====== GIVEN INFORMATION

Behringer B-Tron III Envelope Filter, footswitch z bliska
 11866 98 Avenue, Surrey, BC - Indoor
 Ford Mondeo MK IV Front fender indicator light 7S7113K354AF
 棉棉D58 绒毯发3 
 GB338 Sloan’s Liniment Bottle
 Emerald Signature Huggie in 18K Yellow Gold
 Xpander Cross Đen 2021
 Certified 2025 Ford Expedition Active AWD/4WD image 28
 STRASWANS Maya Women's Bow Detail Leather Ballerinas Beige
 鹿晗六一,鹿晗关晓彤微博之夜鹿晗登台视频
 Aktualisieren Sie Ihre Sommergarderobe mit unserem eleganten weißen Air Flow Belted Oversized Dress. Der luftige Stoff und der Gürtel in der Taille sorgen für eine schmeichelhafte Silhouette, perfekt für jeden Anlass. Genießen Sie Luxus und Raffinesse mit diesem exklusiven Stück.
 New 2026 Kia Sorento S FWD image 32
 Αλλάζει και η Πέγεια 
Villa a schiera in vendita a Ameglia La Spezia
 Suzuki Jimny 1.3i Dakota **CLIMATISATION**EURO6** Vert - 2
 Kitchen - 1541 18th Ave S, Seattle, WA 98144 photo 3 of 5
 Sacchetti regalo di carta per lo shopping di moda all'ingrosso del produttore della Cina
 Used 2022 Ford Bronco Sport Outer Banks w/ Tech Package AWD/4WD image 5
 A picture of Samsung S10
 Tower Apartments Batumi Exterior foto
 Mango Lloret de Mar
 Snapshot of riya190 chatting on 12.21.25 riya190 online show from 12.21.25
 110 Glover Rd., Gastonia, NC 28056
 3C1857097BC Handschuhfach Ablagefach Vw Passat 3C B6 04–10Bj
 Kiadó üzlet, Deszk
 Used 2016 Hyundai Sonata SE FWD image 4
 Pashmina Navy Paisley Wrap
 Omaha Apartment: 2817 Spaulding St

============

_INSTRUCTIONS TO FOLLOW:_ Write the data out again in full. Match it word for word.

_WRITTEN SOLUTION:_
Behringer B-Tron III Envelope Filter, footswitch z bliska
 11866 98 Avenue, Surrey, BC - Indoor
 Ford Mondeo MK IV Front fender indicator light 7S7113K354AF
 棉棉D58 绒毯发3 
 GB338 Sloan’s Liniment Bottle
 Emerald Signature Huggie in 18K Yellow Gold
 Xpander Cross Đen 2021
 Certified 2025 Ford Expedition Active AWD/4WD image 28
 STRASWANS Maya Women's Bow Detail Leather Ballerinas Beige
 鹿晗六一,鹿晗关晓彤微博之夜鹿晗登台视频
 Aktualisieren Sie Ihre Sommergarderobe mit unserem eleganten weißen Air Flow Belted Oversized Dress. Der luftige Stoff und der Gürtel in der Taille sorgen für eine schmeichelhafte Silhouette, perfekt für jeden Anlass. Genießen Sie Luxus und Raffinesse mit diesem exklusiven Stück.
 New 2026 Kia Sorento S FWD image 32
 Αλλάζει και η Πέγεια 
Villa a schiera in vendita a Ameglia La Spezia
 Suzuki Jimny 1.3i Dakota **CLIMATISATION**EURO6** Vert - 2
 Kitchen - 1541 18th Ave S, Seattle, WA 98144 photo 3 of 5
 Sacchetti regalo di carta per lo shopping di moda all'ingrosso del produttore della Cina
 Used 2022 Ford Bronco Sport Outer Banks w/ Tech Package AWD/4WD image 5
 A picture of Samsung S10
 Tower Apartments Batumi Exterior foto
 Mango Lloret de Mar
 Snapshot of riya190 chatting on 12.21.25 riya190 online show from 12.21.25
 110 Glover Rd., Gastonia, NC 28056
 3C1857097BC Handschuhfach Ablagefach Vw Passat 3C B6 04–10Bj
 Kiadó üzlet, Deszk
 Used 2016 Hyundai Sonata SE FWD image 4
 Pashmina Navy Paisley Wrap
 Omaha Apartment: 2817 Spaulding St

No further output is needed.